There are also walls filled with potted plants.
Then there are cute, older buildings tucked in amongst the shiny and newer ones that give just a hint of what Perth might have looked like back in the boom days of the gold rushes in Coolgardie (1892) and Kalgoorlie (1893).
My two favourite examples are the Perth Mint (built in 1899 as a direct result of the gold rushes) and the Old Perth Fire Station, built around 1900.
In some places just a façade remains; a colourfully painted colonial front to a shiny, glassy, monstrous office or apartment block behind.
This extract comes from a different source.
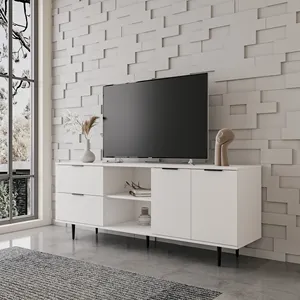 Gỗ Đen 55 inch TV bảng đứng trắng TV đơn vị băng ghế dự bị hiện đại phương tiện truyền thông giao diện điều khiển TV là viết tắt của để bán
I’m still not quite sure what to make of them.
Much of what you see in Perth today is the result of the mineral wealth (specifically gold) of Western Australia.
Perth is also home to the highest population (per capita) of self-made millionaires – usually having had something to do with mining i.e. the financial backing of a mining/exploration venture.
Perth is also a very expensive city to visit. You’d be lucky to get change from $20 for two pints of the local Swan Draught, which I enjoyed (a lot). On the other hand, the minimum wage is relatively high (ok, vastly higher than in the UK!!).
It’s also (usually) really sunny in Perth (on average 8 hours per day) – quite different to its namesake Perth, Scotland!